Are we papering over the cracks?

Being a Service Designer in a newly formed unitary council and its challenges

In 2021, I became the employee of a newly formed unitary council, following the smooshing(!) together of 4 local councils. In this time, I have realised just how important service design methodologies are to harmonising and designing new services, rather than letting them ‘develop incidentally’ over time.

The expectation

I was imagining that in my role as a Service Designer, I would come in and be greeted with a wonderful, clean, shiny new problem. I would start right at the beginning of the service design process in a wonderful world of ambiguity and unknowns and get to work on my favourite bit of the process which is understanding users’ needs and empathising with their pain.

The reality

In local government, we rarely get the opportunity to come in as service designers when a service is conceptualised, the services are usually long established and have had minor changes or tweaks over the years.

With the longevity of the services we offer, we’ve found that extra steps have been added to the processes across time.
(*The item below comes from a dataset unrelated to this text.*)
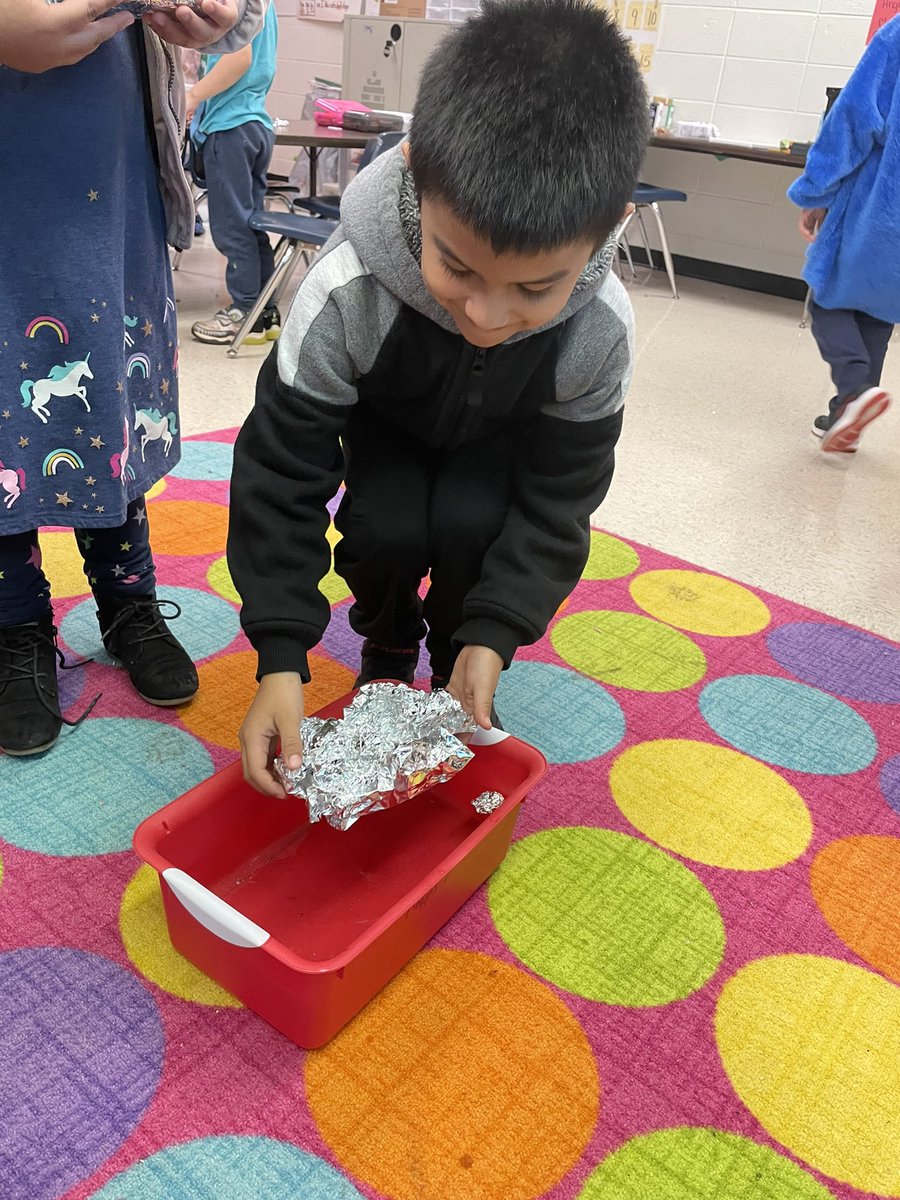 kcappsm's tweet photo. We have been comparing and contrasting the adventures of the gingerbread man. Let’s see if we can help the gingerbread get away from the fox. Boat building. #stem @JohnstonJags @CherokeeSchools https://t.co/xN9IpTtDhR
Years of add-ons & work arounds have meant service offerings have fundamentally remained the same but been ‘bolted onto’. The upshot of this is that services and practices, have become protracted, inefficient and inevitably further removed from the service user.

One example of this is that one of the original councils within the now unitary council, offers parking permits to its residents. Residents would often pop into the council with their documents, order and pay for the permit & wait for it to be ready for collection or posted if they wished.
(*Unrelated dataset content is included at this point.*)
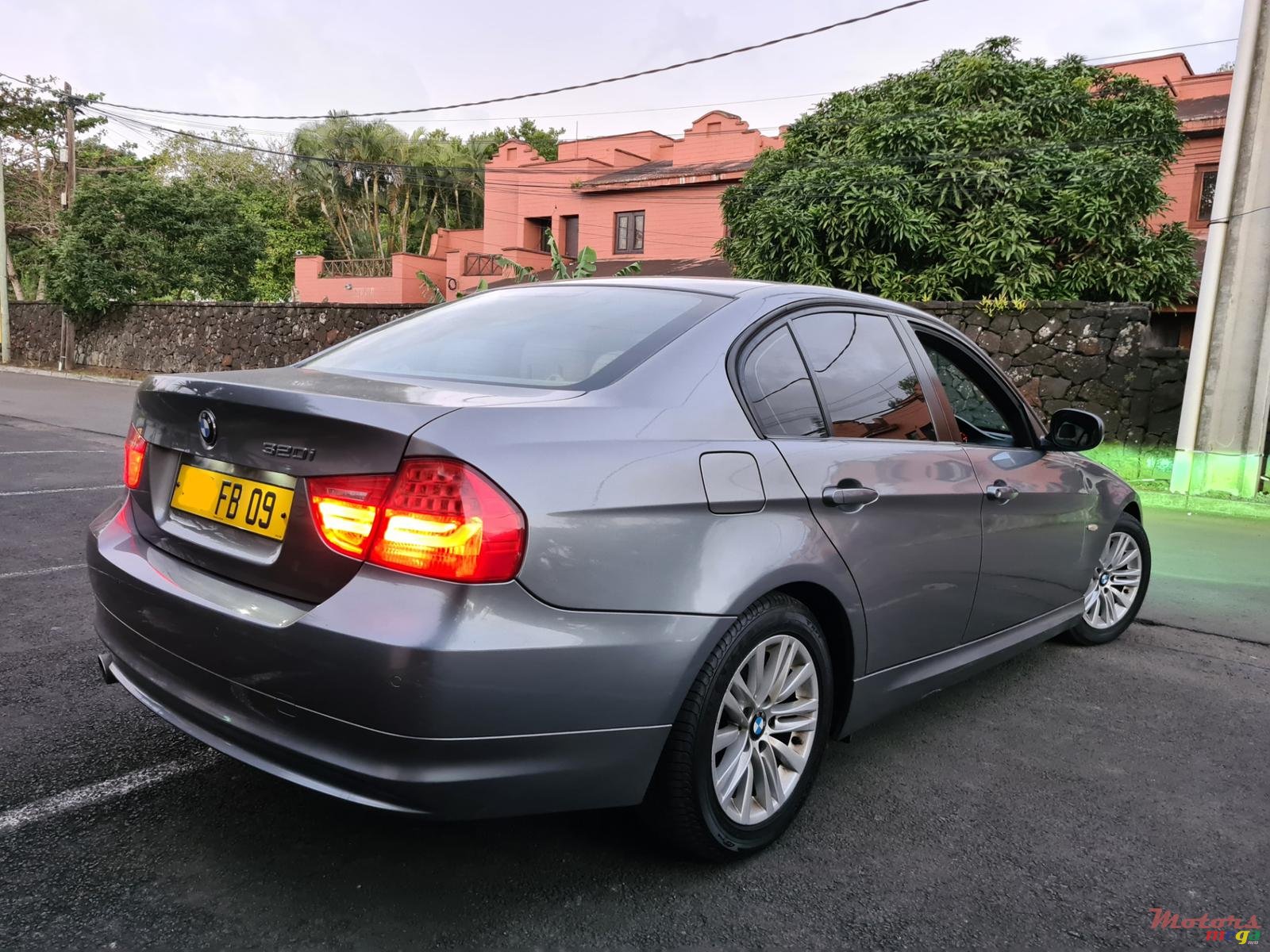 2009' BMW 320 Automatic photo #3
Times changed and people preferred more convenient contact channels and would prefer to ring in. Customers who preferred to contact the council over the phone, would order and pay for the permit on the call, then the customer would come and collect the permit, bringing in their car ownership documents for copying at the time.

Perhaps inevitably, problems arose with the validity of some documents received. The decision was taken that documents should be sent into the council two days before permits were issued to allow time to complete a thorough verification of the documents. However, the process stayed the same. So, customers ordered and paid for the permit on the phone, they then had to drop off or post their documents and wait 2 days before their permit to be posted or could be picked up from reception.

This added an extra step in the customer’s journey and firmly placed the risk in the customers laps in terms of transit of important documents if they chose to post the documents, or inconvenience if they wanted to drop the documents off.

This is one of many processes that begs for redesign and is a classic example of how things have grown organically over time – which happens when you don’t have the time to step back and view things, or the resource to be able to consider things as a whole journey from the customer’s perspective.

The issue

Turns out this whole service approach of service design is a pretty hard sell when a service just wants a new website and want it by yesterday. Service Design isn’t just about digital solutions. It’s a holistic approach looking to find the barriers to accessing the service or running and administrating it. It’s understanding where someone starts and ends their journey, when they access it and why and how they finish that journey.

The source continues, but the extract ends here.